Kommentierung der Inflation

Deutschland hatte den Ersten Weltkrieg verloren. Dies, so nüchtern gesagt, wollten die damaligen Stützen in Politik und Kirche nicht unbedingt wahrhaben. "Schuld" waren in deren Lesart natürlich immer andere. Die "überstaatlichen Mächte", der "Dolchstoß der bolschewistisch verseuchten Heimat"; das nicht "rechtgläubig genug" seien Volk usw. usf.

Die Siegernationen nahmen auf diese Empfindlichkeiten vorerst keine Rücksicht. Sie diktierten ihre Forderungen im Versailler Vertrag und die von den alten Stützen der Gesellschaft ungeliebten demokratischen Regierungen in Deutschland, mussten sehen wie sie damit klar kamen.
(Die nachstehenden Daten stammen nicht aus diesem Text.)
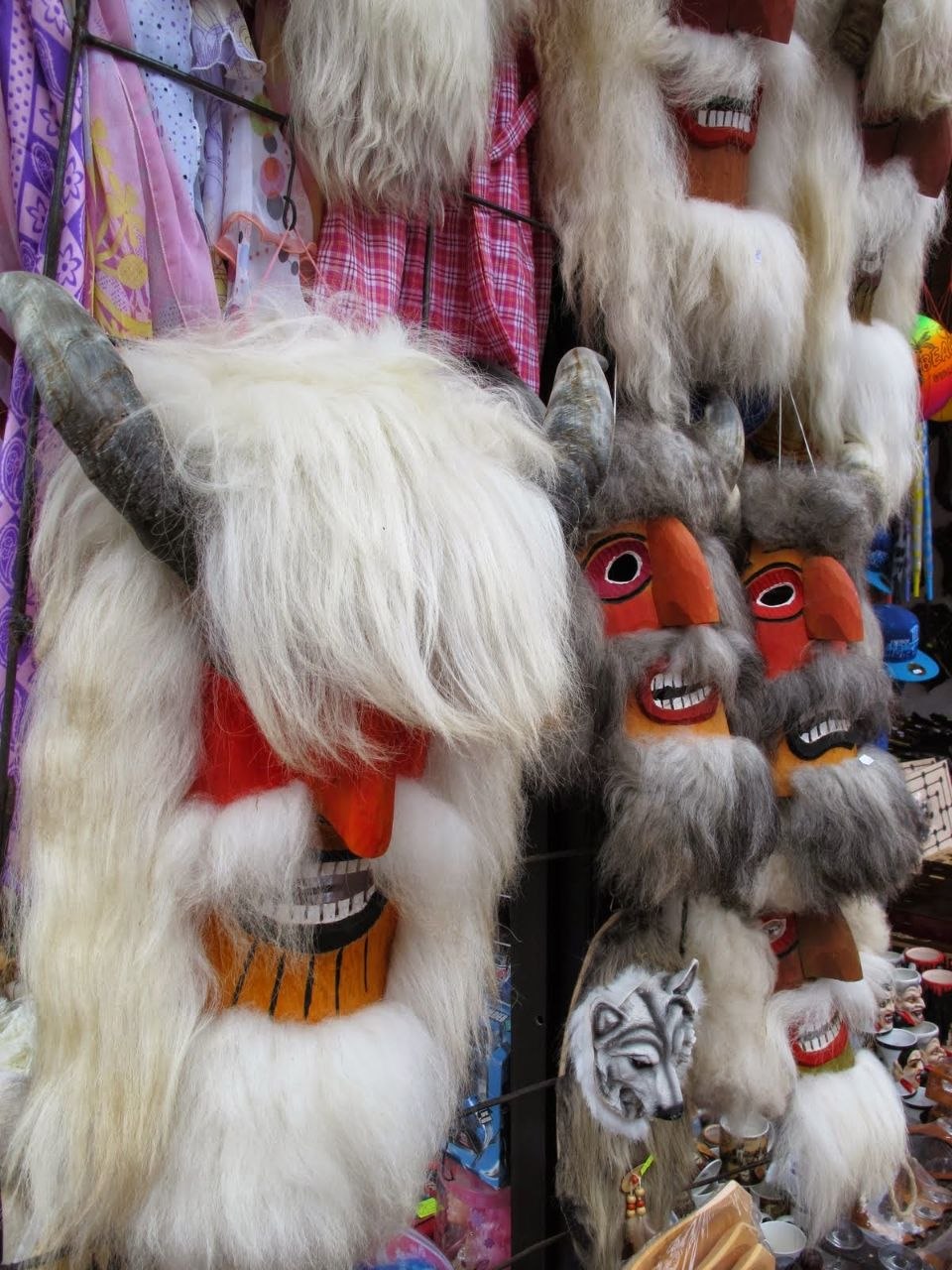 Traditional Romanian carnival masks displayed at an outdoor market stall near Bran — large carved wooden faces with exaggerated orange beaks and grinning teeth, covered in thick white and grey animal fur with curling ram horns, hung alongside colourful folk costumes and smaller ceramic souvenirs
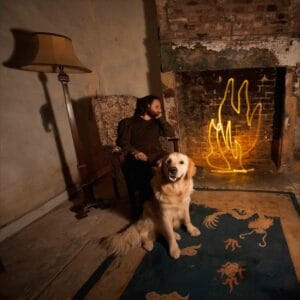 A person sits in an armchair next to a golden retriever, facing a fireplace with illuminated, stylized flames reminiscent of light painting photography. The setting is a rustic, dimly lit room with a worn-out carpet and an old-fashioned lamp.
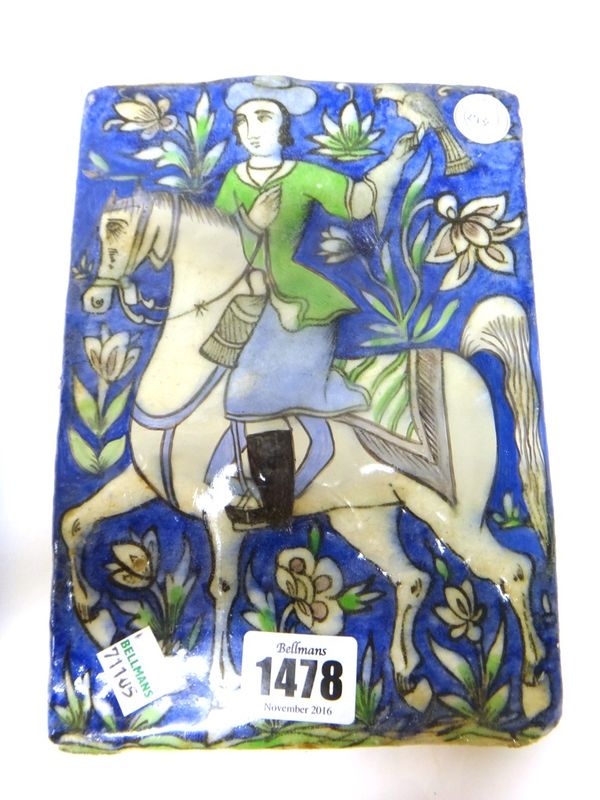 A Qajar pottery rectangular tile, late 19th century, moulded and painted with a falconer on horseback, (a.f), 20cm. by 14.5cm.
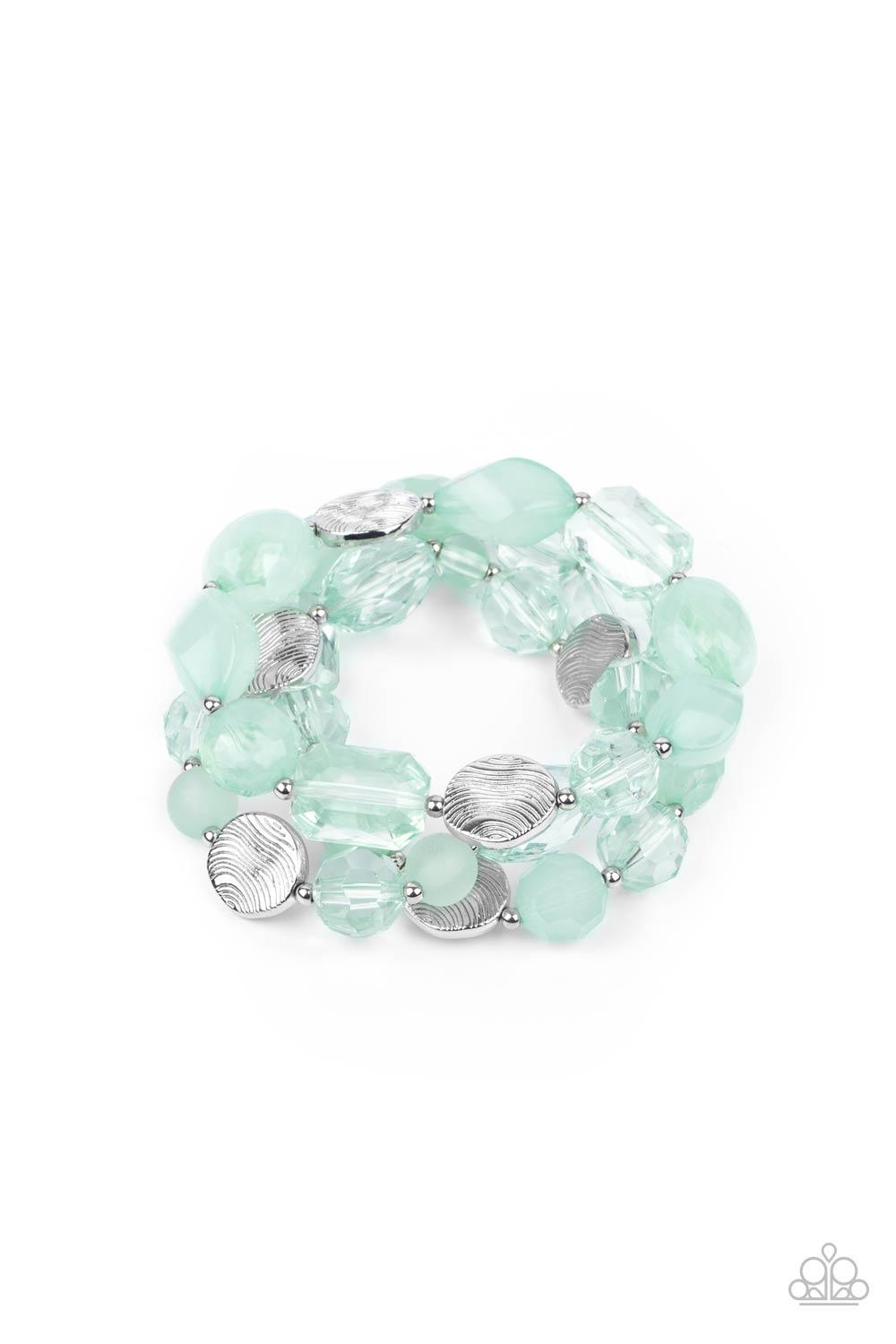 Paparazzi Accessories Oceanside Bliss - Green Glassy and opaque Green Ash crystal-like beads and textured silver accents are threaded along stretchy bands around the wrist, creating mystical layers. Sold as one set of three bracelets. Jewelry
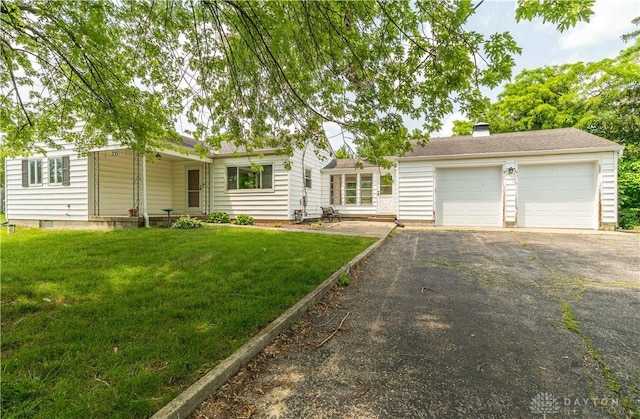 235 Stonequarry Rd, Vandalia, OH 45377 - view of front facade featuring driveway, a front lawn, an attached garage, and a chimney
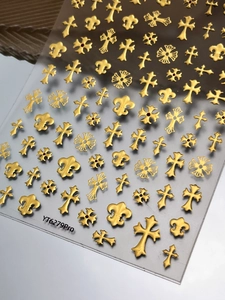 Vue détaillée des stickers 3D dorés métallisés pour ongles avec croix et fleur de lys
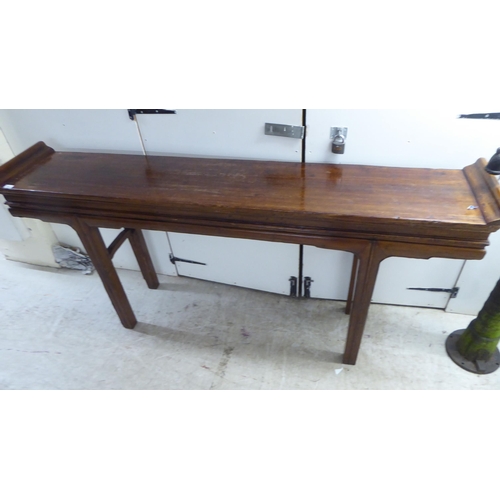 148 - A modern Chinese design, hardwood alter table, raised on tapered legs  36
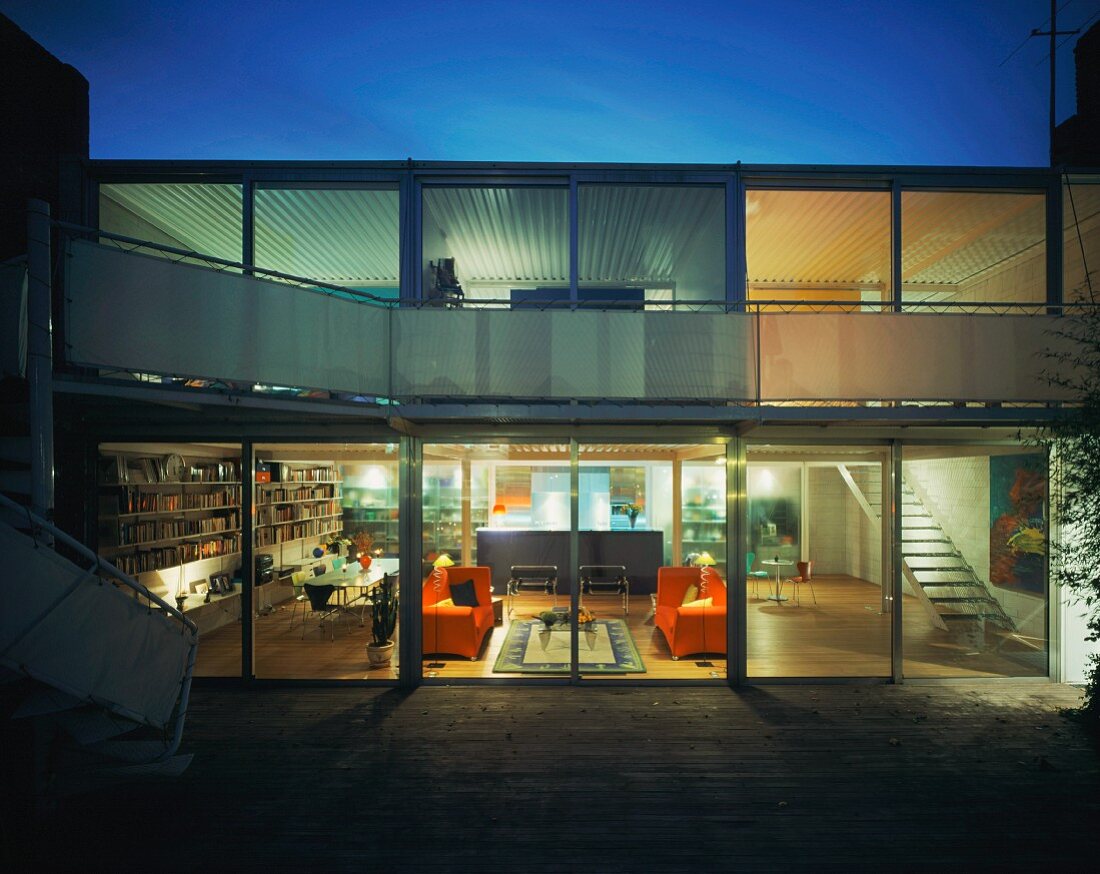 Twilight view of illuminated, contemporary living space with orange sofas and bookcases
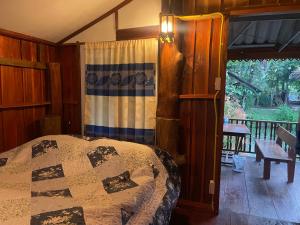 a bedroom with a bed in a room with a porch at บ้านสวนวิวทุ่ง in Ban Mae Sap Nua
Wie man weiß, gelang ihnen das mehr schlecht als recht. Die Notenpressen wurden angeworfen und der Geldwert sang ins Bodenlose. Außer einigen wenigen Kriegsgewinnlern hatten breite Volksschichten die Zeche mit zu zahlen. Wer da noch Ersparnisse aus früheren Zeiten hatte, sah sie zum Nichts zerrinnen. Verständlich, dass es viele gab, die in dieser Situation ihr Heil in extremistischen Positionen suchten. Linke und rechte Politprediger gründeten in jenen Tagen ihre Massenbasis und auch religiöse Kriegsgewinnler sahnten bei diesem Fischzug mit ab - namentlich auch die Bibelforscher. Passten doch diese Rahmenbedingungen scheinbar nur zu gut in ihr Weltbild.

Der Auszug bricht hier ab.